Well written programs are modular, meaning that they are composed of separate parts that can be used without looking at the details of the code (the implementation). That is, a module can be understood in terms of what it does rather than how it does it. We have seen that well written functions can have this property, and last week started looking at structures and signatures as a way of writing modular code at the level of data and a set of functions that operate together, rather than just at the level of single functions.
If the code itself is not to form the description of what a module does, then we must have some other means of describing modules. Signatures are one way of describing what a module does without specifying its implementation, by providing a list of all the types, exceptions, variables and functions of the module without providing any code. However this still forms are an incomplete specification of what a module does. While there have been efforts at formal specification languages that precisely characterize what modules do, in practice programmers must make judicious use of comments and documentation to describe the modules of a system. It is crucially important that as the specifications of a module change, this documentation changes (as many others may depend on it. Thus it is good practice for this documentation to be in the code itself, and be in a special part of the code where programmers know to be particularly careful to check and change comments when they change code.
In SML comments about what a module does go in the signature, and when changing a signature one should be particularly careful to make corresponding changes to the comments. A good thing is that a well defined signature rarely needs to change, whereas its implementation may change more frequently.

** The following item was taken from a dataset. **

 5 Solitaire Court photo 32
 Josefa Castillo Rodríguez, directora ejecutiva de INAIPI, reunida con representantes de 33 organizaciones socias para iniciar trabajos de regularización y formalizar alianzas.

Suppose we are implementing an abstraction for a finite set of natural numbers. The interface might look something like this:
signature NATSET = sig (* a "set" is a finite set of natural numbers: e.g., {1,12,0}, {}, {1003} *) type set (* empty is the empty set *) val empty : set (* single(x) is the set {x}. Requires: x >= 0 *) val single : int -> set (* union is the set union of two sets. *) val union : set*set -> set (* intersection is set intersection of two sets. *) val intersection : set*set -> set (* contains(x,s) is whether an element x is a member of set s *) val contains: int*set -> bool (* size(s) is the number of elements in s *) val size: set -> int end
In a real signature for sets of natural numbers we might want
additional operations such as map and fold, but let's
keep this relatively simple. Note that at the top of the signature definition is
a comment describing the overall data abstraction. Each declaration in the
signature has a comment that describes what that value or function is, but not
how it works. The only function that can create a set from an integer is
single, this function is commented to note that it is required that
its argument be non-negative, as only natural numbers can be stored in these
sets. These comments together with the definitions in the signature form
the specification of what the data abstraction does.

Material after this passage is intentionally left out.